* _WORK ORDER_:
Using the records below, write out again exactly the lines that begin at the line containing "The next tab" and end at the line containing "This way, any", and no other lines.

* _ENTRIES PROVIDED_:
== Segment start ==

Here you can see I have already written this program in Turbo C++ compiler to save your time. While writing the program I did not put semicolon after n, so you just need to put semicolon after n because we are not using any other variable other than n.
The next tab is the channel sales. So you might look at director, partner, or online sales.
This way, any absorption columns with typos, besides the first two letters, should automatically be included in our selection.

== Segment end ==
== Segment start ==

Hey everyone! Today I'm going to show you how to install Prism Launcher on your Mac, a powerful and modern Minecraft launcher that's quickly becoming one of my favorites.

== Segment end ==

* _ANSWER TO THIS TASK_:
The next tab is the channel sales. So you might look at director, partner, or online sales.
This way, any absorption columns with typos, besides the first two letters, should automatically be included in our selection.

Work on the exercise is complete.